Driving around yesterday I saw two things typical of this area this time of year: white-tailed deer, and people trying to kill them. The deer I saw were in no immediate danger from hunters, since they were standing in a field on Antietam National Battlefield. Being a national park, hunting isn’t allowed in Antietam, and as a result there’s a large and visible deer population in the woods and fields that comprise most of the park. If you like deer watching, it’s a great place to take an early evening drive, or better yet a walk.
The hunter I saw a few minutes later was at least half a mile from the road, sitting in a tree in the middle of a farmer’s field off the Sharpsburg Pike, clearly visible thanks to the radioactive orange jumpsuit he was wearing. The crew on the International Space Station could probably see him, too. Wearing blaze orange is required of hunters by law in Maryland, and most other states, as a safety measure. It hasn’t succeeded in completely preventing accidental shootings during hunting season, but it does at least help the prosecutor gain a speedy conviction on the shooter, who is left with no excuse other than possibly “it was dark and he really sounded like a deer.”
From about age 9 to age 14, when the State of Maryland bought Woodmont and turned it from a private club where I spent a lot of time to a publicly owned property where I wasn’t allowed to set foot, I went hunting every year with my father and grandfather. I only ever killed two deer, a buck and a doe, both on the same morning when I was 14. The doe was standing a good way downhill from me, and it was a pretty good shot if I do say so myself. The buck was still alive when Pap and I made it over to him. We stood over him ten minutes or so, waiting for him to die. Pap was about to tell me to shoot him again when his eyes finally when glassy and his tongue flopped out of his mouth.
I don’t hunt anymore. At first it was for practical reasons — Woodmont was the only place I’d ever hunted, and it just didn’t have the same appeal as public hunting ground, especially with the clubhouse off-limits — but eventually I reached a point where hunting just wasn’t something I wanted to do anymore. The only time I’ve ever been hunting since age 14 was a few years ago when I went squirrel hunting at Indian Springs with Jimmy. I only went because he had no one else to go with, and didn’t want to go alone. We sat in separate spots, far enough away so that we couldn’t see each other, and as soon as Jimmy was out of sight I unloaded my gun. I never had any intention of killing something. When I’d been sitting there an hour or so, a squirrel appeared on a fallen log not twenty feet from me. I watched him until he scampered up a tree and got lost in the branches. It was a nice morning.

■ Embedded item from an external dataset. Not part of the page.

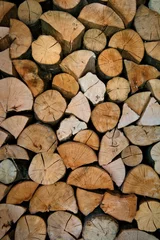 Selbstklebende Fototapeten Wooden logs with visible growth rings and rich textures create a warm, rustic pattern. This composition reflects sustainability, the beauty of nature, eco-conscious living, making it ideal for design © Nebojsa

Encountering a wild animal is one of the most delightful and interesting experiences I get to have on a somewhat regular basis. I can’t imagine how the occasion of seeing a deer or a squirrel or a wild turkey during a walk through the woods would be improved by me killing the animal. It’s not that I’m opposed to hunting. I think it’s necessary to control populations, and hunters who do their thing humanely and within the bounds of the law (like my father did — usually . . .) are just fine by me. It’s just no longer my thing.
Which doesn’t mean I don’t get a kick out of laughing at the occasional mighty hunter when I see him. I’ve known people who take hunting way, way too seriously. Around here they’re the majority, or so it seems in the winter months, at least. And most of them don’t exactly need the meat, if you know what I’m sayin’. I’ve known guys who dress in camouflage from head to toe (excepting their blaze orange vest, of course), who bury their clothes or hang them outside in the rain a few days before a hunt, who spray themselves all over with deer scent. (By the way, “deer scent” — there’s an unnecessary euphemism if I ever saw one. Most hunters I know wouldn’t be the least bit bothered about buying a product called “doe piss”.) The funny thing to me is, my Dad and my Pap never did any of that. They just found a good spot in the woods where they knew there were some deer and sat still until one walked by. Then they got their gun up and shot it. No piss-soaked clothes, no camo jumpsuits required. And they did all right in their day. Pap’s nickname wasn’t “Killer” because he killed a lot of people.
When I was little my grandfather on my Mom’s side lived and worked on Woodmont’s turkey farm, raising fowl that were sold or used in club hunts. One year a deer who had been shot but not killed wandered onto the farm, and Pap Lashley and his sons, my Uncle Joe and Uncle George, nursed him back to health. They called him Bucky, and he remained relatively tame and stayed close to the farm for the rest of his life. When they were keeping him in an out-building during his convalescence I got to touch him, to pet him like a dog or a cat or a horse. Thinking back, it was the only time I’ve ever touched a deer that wasn’t dead or dying. That’s a little depressing.